Sean melirik ke arah Jihan yang terdiam di sampingnya. “Sean bersungguh-sungguh, Ma.” 

“Dan kenapa itu harus terjadi tepat di hari ini,” timpal Vivian dalam gerutuan.

“Hentikan, Vivian.” Maura melemparkan peringatan pada besannya tersebut. “Apakah itu artinya  kau tak keberatan hal ini menimpa Sean di hari lain.”

“Kau tahu bukan itu maksudku, Maura. Ck, kenapa kau lebih peduli padanya. Dia menantumu, bukan anak kandungmu.”

“Sejak kecil dia sudah menjadi anakku. Dan sekarang dia menikah dengan Jihan ,itu artinya dia sudah menjadi anakku dua kali.”

Sean menatap sang mama dan mertuanya yang malah saling berdebat. “Ma, bolehkah Sean ke atas? Sean ingin istirahat.”

Maura dan Vivian menoleh. “Ya, kau harus istirahat.” Tangan Maura menarik Jihan lebih dekat pada Sean. “Sekarang kau yang bertanggung jawab mengurus semua kebutuhan Sean.”

“A-apa?”

“Cepatlah. Dia harus banyak istirahat.”

Jihan pun mengulurkan tangannya pada Sean, membopong pria itu keluar dari ruang keluarga menuju kamar mereka di lantai dua.

“Kau mematahkan kakimu dengan sengaja?” Kecurigaan terlihat mengentali kedua mata Jihan begitu keduanya sampai di lantai dua.

“Kenapa aku harus melakukannya dengan sengaja?” Sean mendengus tipis, ekspresinya seketika berubah dingin. Melepaskan tangannya dari pundak Sean dan berjalan menuju tempat tidur dengan berpegangan pada dinding menuju pintu kamar. 

Jihan menggigit bibir bagian bawahnya. Menyesali pertanyaannya sementara sepintas kecemasan sempat menyelinap ke dalam dirinya. Ya, untuk apa mereka saling mencemaskan. Mereka bisa mengurus urusan masing-masing. Suatu kebetulan kecelakaan itu datang di saat seperti ini.
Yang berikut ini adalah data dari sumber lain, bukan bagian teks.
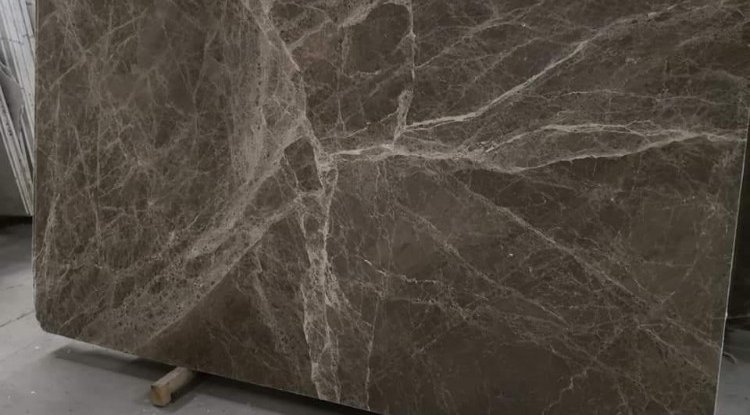 Dark Emperador Plaka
“Ada apa?” Satya muncul dari lorong di sampingnya.

Jihan menoleh, memberikan satu gelengan tipis.

“Kudengar kaki Sean patah?” Salah satu alisnya terangkat. “Tapi … biasanya dia salah paham antara patah tulang dan terkilir, kan?”
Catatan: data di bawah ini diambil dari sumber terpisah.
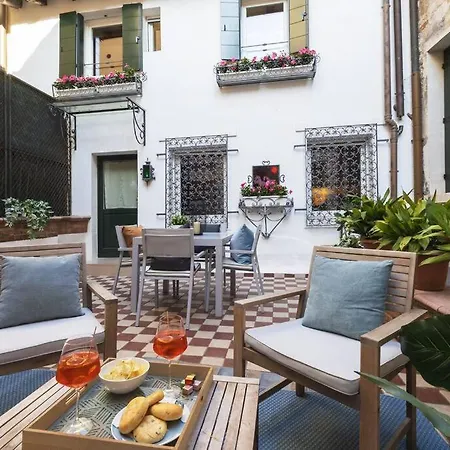 La Casa Piu A Venezia, Con Corte Privata Apartment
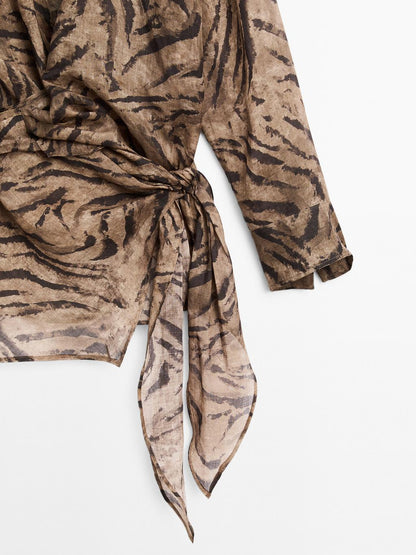 Flowing jacquard kimono with rhinestone button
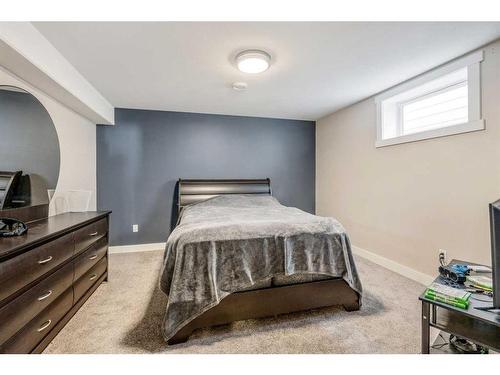 4633 51 Avenue, Taber, AB - Indoor Photo Showing Bedroom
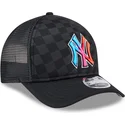 czapka-trucker-czarna-9forty-m-crown-a-frame-gradient-raceway-new-york-yankees-mlb-new-era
Jihan baru teringat. “Ah, ya?”

“Ya?” Salah satu alis Satya terangkat. Tak  biasanya Jihan tak tahu hal tentang Sean. Seolah jarak di antara keduanya semakin menjauh.
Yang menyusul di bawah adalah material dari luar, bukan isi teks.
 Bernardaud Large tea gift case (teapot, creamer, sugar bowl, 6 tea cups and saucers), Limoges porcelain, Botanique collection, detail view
Jihan mengerjap beberapa kali. “Ah, ya. Dia memang sering salah paham.”

Satya terdiam, mengamati raut Jihan lebih dalam. “Sepertinya hanya terkilir.”

Jihan mengangguk.

“Tak perlu mencemaskannya. Dia bisa mengurus urusannya sendiri.”

Jihan mengangguk lagi. “Jihan ke dalam dulu, kak.”

Satya tersenyum tipis. “Jihan, tunggu sebentar.”

Jihan berbalik. Melihat Satya yang mengeluarkan sesuatu dari saja.

“Tadi pagi aku bertemu Naura, tepat setelah kalian meninggalkan rumah. Dia menitipkan ini.” Satya mengulurkan jam tangan milik Sean. “Sepertinya tertinggal di tempatnya.”

Jihan membeku. Terdiam hanya menatap jam tangan tersebut.

Jadi tadi malam Sean meninggalkannya karena Naura? Lagi.